½ large eggplant or 1 smallish eggplant
1-2 medium tomatoes
3 cloves garlic, chopped
1/3 onion, chopped
1 tsp ground ginger or turmeric (to taste)
Fresh parsley (chopped, to taste)
Fresh mint (chopped, to taste)
Lightly coat the eggplant in olive oil. Roast at 400 until the eggplant is soft. To test, press the skin of the eggplant. If it collapses a bit, it’s done. Once the eggplant is cool enough to touch, scoop out the insides. Mash/chop/puree the cooked eggplant. This breaks up the fibrous clumps. Place in a bowl.
Heat some olive oil in a medium frying pan. Add the garlic and onions. After a few minutes, add the salt, pepper, ginger, and eggplant. After a few more minutes, add the tomatoes. Cook (mashing up any lumps) until the tomatoes have largely broken down, and mixed with the eggplant. Add the fresh mint and parsley. Set aside to cool. One cool, add one egg and a couple ounces of feta cheese.
Assembly: Take the thawed filo dough. Fold a sheet into quarters. Brush with melted butter. If you don’t have a pastry brush (like me – somehow I manage to not have one, not sure why) then you can spoon on some butter and spread it with the back of a spoon – it totally works. Add a plop – about a 1/4 cup, of the mirza ghasemi mixture on one end of the filo. The fold the filo up like a flag in order to create a lovely triangle.
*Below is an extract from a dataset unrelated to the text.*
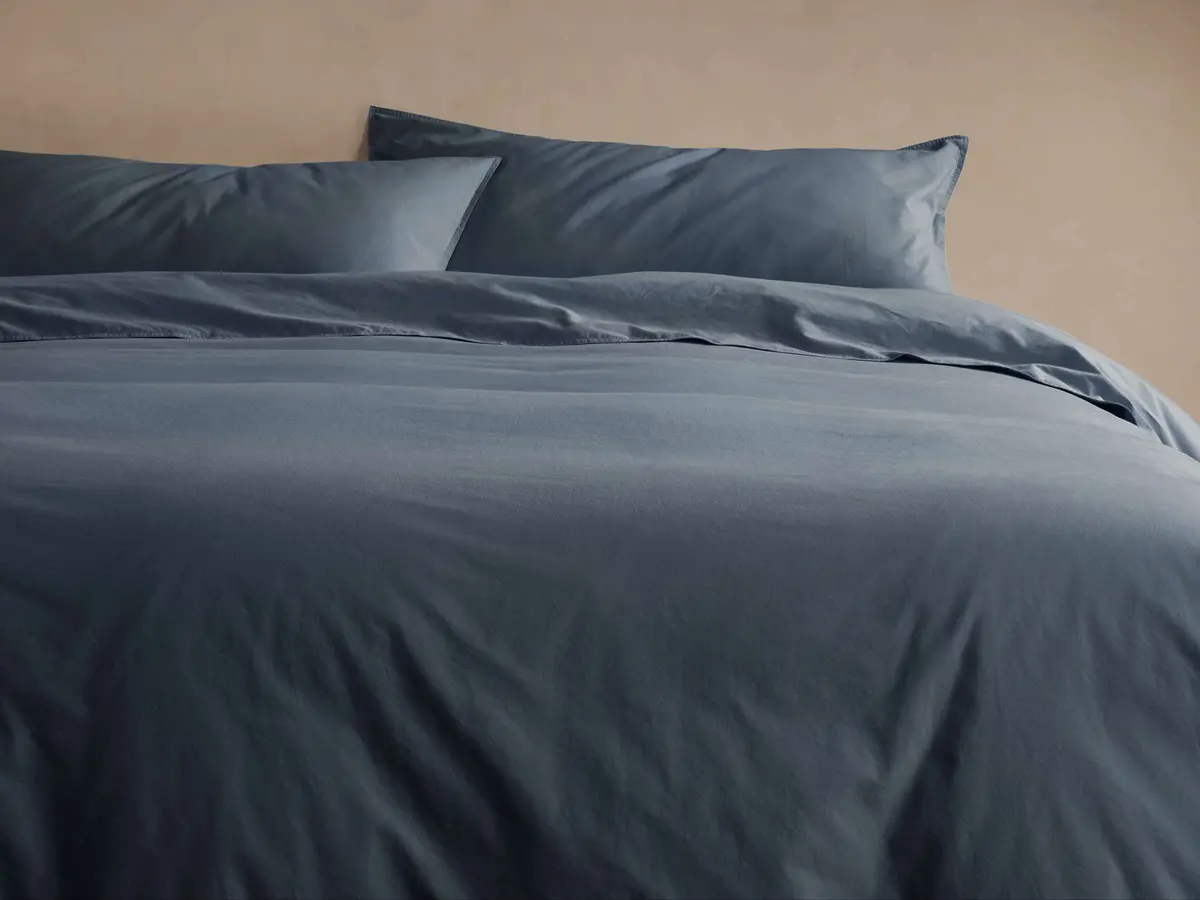 Italian Garment-Dyed Percale Duvet Set In Indigo 1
For those of you who weren’t girl (or boy) scouts like yours truly, here is a handy (US-centric) website – start at step 4. Stick the triangles on a baking tray and bake at 400 until golden brown – about 20-30 minutes.
Not the most exciting looking, but its what’s on the inside that counts
The result was really really good. Sadly, it wasn’t great. The flavors were a bit muted for my taste. I think it was double cooking the herbs or maybe not using enough spices, or both. Next time, I will add the parsley and mint in with the eggs and feta, so they don’t lose any of their flavor, or that the very least, lose less of it. The filo was delicious – though again, the downside is that when you reheat filo in a microwave, it doesn’t remain crispy. Again though, something coming out a 9 instead of a 10 is nothing to sneeze at. Given the flavors and the season, serve this with a light, white wine – red would be too heavy. Finally, this week’s song – “Along Comes Mary” by the Association. It’s a fun song with nearly indecipherable lyrics – it took me forever and reading them repeatedly before I got even half of them.